How do I change minor chord notation scorewide?
Currently if I enter a minor chord as 'Em' it is displayed that way. If I enter 'Emi', it is displayed that way. So is 'E-'. I can have all flavours of minor notation in one score.
How can I convert all minor chords in a score to one consistent flavour of notation? If it's not supported, I will repost it as a feature request. An example use case is when I'm giving a score to a friend who's used to a different notation than me, or receiving a score from such friend.
Same thing with major (seventh) chords: 'ma7' vs Δ vs Δ7, or ø vs m7b5 for half-diminished, etc.
Comments
You can force a score to have all the same ntosations for any given chord ymbol by creating your own custom chord symbol style file. See chords_std.xml and chords_jazz.xml in the Styles folder within your MuseScore installation, make a copy of whichever you like in your own Styles folder, then edit it to list the spellings you wish to standardize upon. Select this file for your score in Style / General / Chord Symbols and any chord symbols you type will automatically be converted to the matching chord symbol from your list.
It is not possible to convert existing chords in this manner, however. It is definitely something to consider for someday.
In reply to You can force a score to have by Marc Sabatella
Just curious if this is still a wish-list item (retroactive chord symbol conversion).
I don't see it as a feature in the handbook's Chord Symbols topic. I imagine one could do some regex's on an uncompressed file if it was something that was important enough.
Thanks,--n
In reply to Just curious if this is… by N_Bardot
There is no active work on this.
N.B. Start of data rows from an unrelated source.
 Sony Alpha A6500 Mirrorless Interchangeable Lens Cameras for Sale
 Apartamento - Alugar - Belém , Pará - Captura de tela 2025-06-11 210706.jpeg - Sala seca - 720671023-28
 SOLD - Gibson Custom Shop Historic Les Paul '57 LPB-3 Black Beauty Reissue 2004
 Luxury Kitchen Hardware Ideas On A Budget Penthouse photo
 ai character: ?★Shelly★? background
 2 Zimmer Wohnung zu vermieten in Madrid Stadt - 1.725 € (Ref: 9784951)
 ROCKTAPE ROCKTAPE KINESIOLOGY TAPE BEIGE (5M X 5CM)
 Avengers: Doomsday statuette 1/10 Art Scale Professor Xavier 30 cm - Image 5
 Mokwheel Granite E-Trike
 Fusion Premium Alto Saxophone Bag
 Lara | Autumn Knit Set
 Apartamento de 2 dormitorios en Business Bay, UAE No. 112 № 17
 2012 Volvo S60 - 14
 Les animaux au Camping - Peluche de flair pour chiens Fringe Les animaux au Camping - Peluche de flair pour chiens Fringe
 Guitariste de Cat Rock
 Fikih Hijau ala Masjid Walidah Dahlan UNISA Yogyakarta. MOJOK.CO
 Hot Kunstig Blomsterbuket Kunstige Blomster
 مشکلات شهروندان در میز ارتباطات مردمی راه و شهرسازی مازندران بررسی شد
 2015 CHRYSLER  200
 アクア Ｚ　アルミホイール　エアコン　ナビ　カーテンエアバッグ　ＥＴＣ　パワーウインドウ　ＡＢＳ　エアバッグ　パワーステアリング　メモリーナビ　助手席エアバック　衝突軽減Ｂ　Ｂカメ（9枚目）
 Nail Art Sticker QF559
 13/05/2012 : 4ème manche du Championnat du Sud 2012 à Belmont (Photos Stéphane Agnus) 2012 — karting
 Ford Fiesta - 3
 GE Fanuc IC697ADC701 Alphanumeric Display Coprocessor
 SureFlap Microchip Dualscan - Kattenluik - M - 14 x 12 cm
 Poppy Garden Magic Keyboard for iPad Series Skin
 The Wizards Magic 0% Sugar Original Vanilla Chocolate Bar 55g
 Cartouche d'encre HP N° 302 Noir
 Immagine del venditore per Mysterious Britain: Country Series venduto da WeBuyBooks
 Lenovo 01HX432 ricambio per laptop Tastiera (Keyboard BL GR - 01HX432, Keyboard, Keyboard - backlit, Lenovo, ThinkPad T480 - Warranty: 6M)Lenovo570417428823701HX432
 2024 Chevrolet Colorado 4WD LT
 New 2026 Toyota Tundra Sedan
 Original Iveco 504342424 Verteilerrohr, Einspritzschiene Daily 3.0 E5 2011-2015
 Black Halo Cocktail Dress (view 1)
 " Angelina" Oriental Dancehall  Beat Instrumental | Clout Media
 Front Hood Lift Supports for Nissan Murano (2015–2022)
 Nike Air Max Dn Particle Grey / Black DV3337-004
In principle it wouldn't be hard to create a tool to do this, it just hasn't seemed high enough priority (automating stacking of extensions, and providing other customizations over rendering, seems more generally useful to me; those are things that I'd love to see in 3.0 and may work on if I get the chance).
Meanwhile, indeed, saving as MSCX then doing search/replace using a text editor (or your favorite regexp tool if you're so inclined) should work fine.